Exercise: Note the line containing "Hastanede tedavi gören eşini vurdu"; from it through the last line below, give only those lines again, exactly, both ends included, skipping pictures.

Provided records:
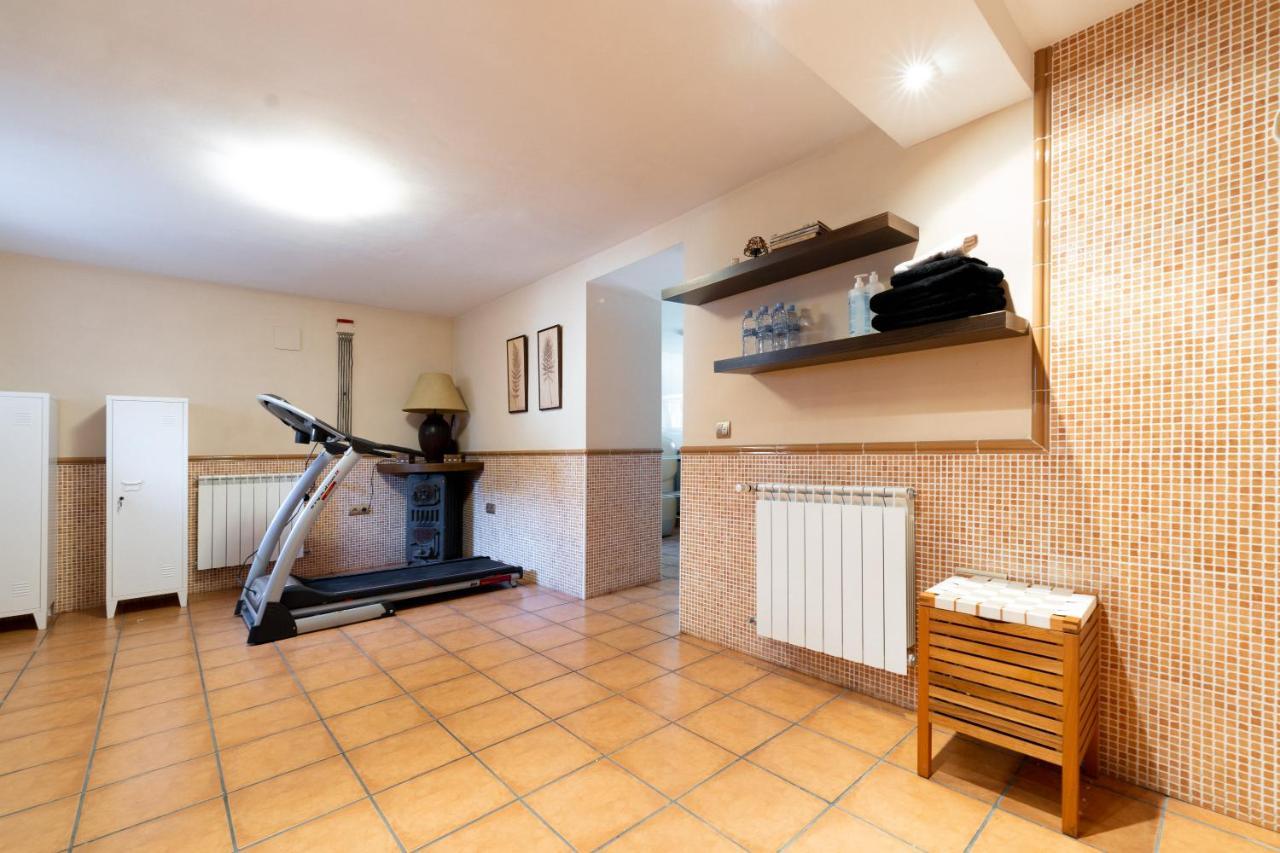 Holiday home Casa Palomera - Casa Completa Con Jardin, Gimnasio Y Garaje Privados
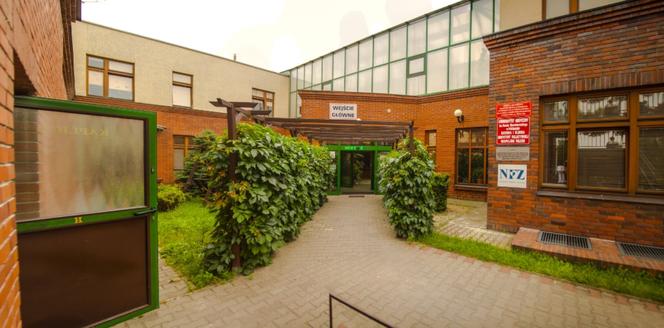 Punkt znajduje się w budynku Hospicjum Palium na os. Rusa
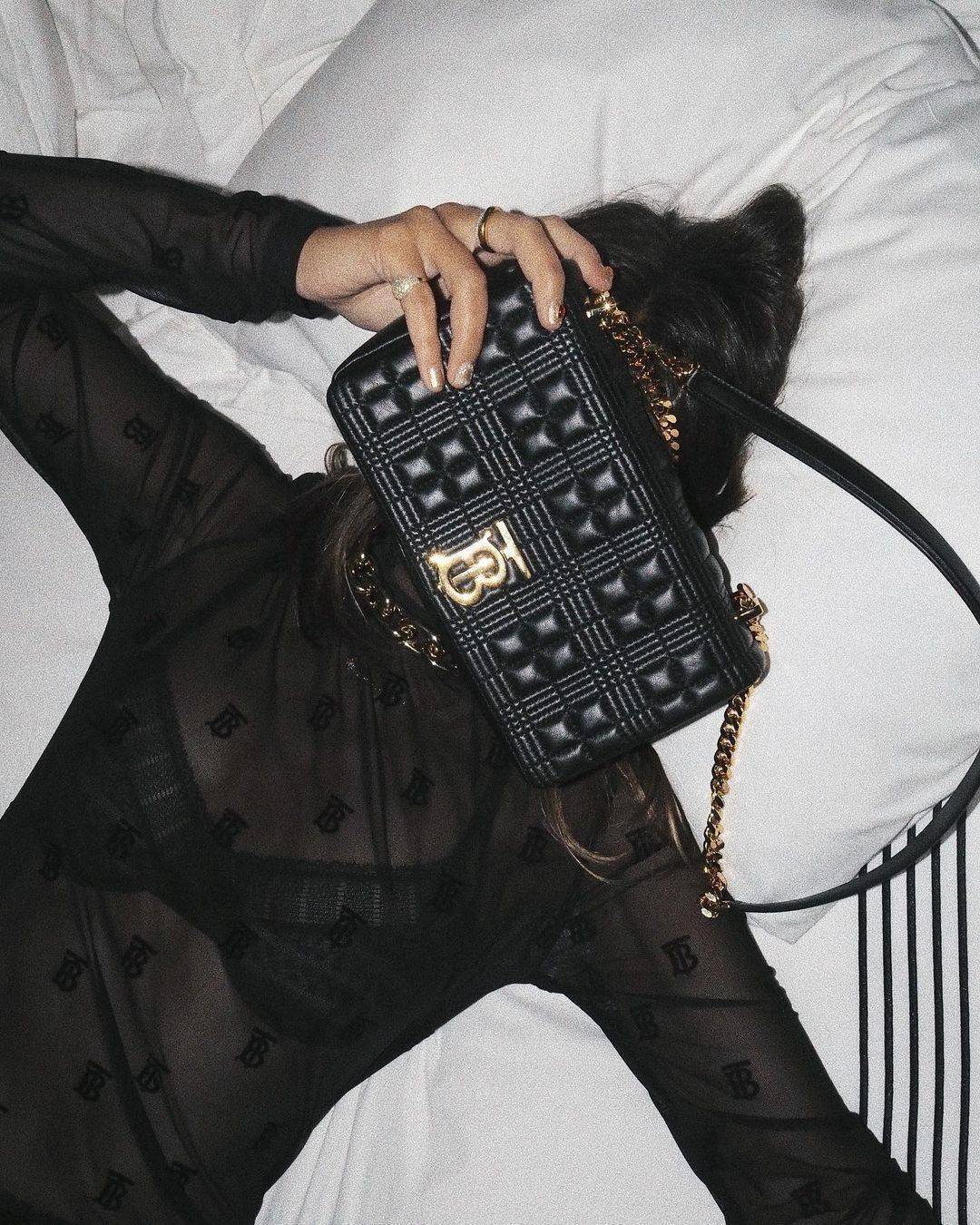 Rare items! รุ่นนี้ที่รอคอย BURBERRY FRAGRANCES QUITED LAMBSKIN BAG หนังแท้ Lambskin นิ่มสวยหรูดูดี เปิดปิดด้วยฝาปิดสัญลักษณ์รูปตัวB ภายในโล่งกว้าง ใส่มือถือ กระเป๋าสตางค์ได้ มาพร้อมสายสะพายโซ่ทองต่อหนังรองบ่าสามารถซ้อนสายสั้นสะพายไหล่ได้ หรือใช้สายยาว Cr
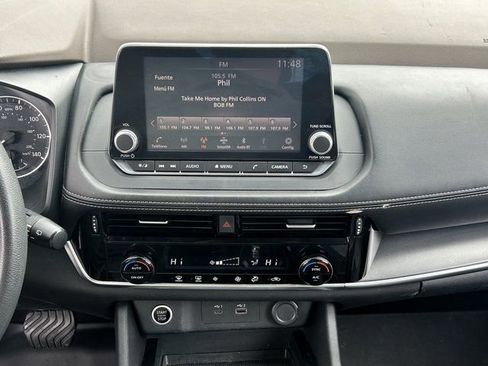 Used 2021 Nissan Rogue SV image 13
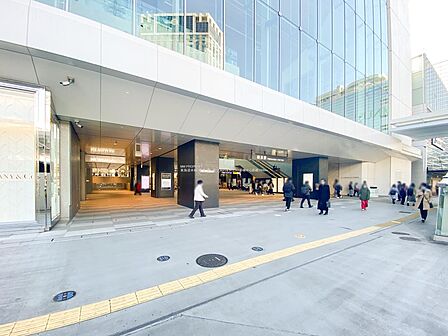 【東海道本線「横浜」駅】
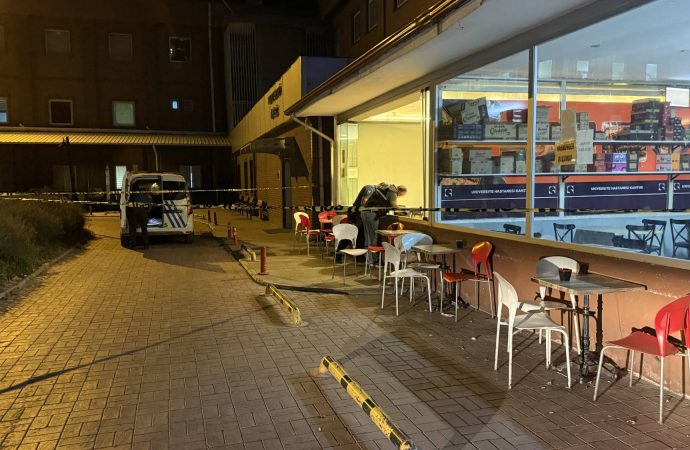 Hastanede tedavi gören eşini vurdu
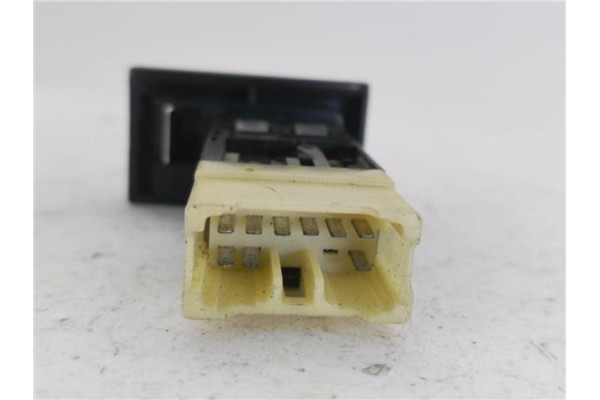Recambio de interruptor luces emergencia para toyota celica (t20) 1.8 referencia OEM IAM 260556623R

Written answer:
 Hastanede tedavi gören eşini vurdu
Recambio de interruptor luces emergencia para toyota celica (t20) 1.8 referencia OEM IAM 260556623R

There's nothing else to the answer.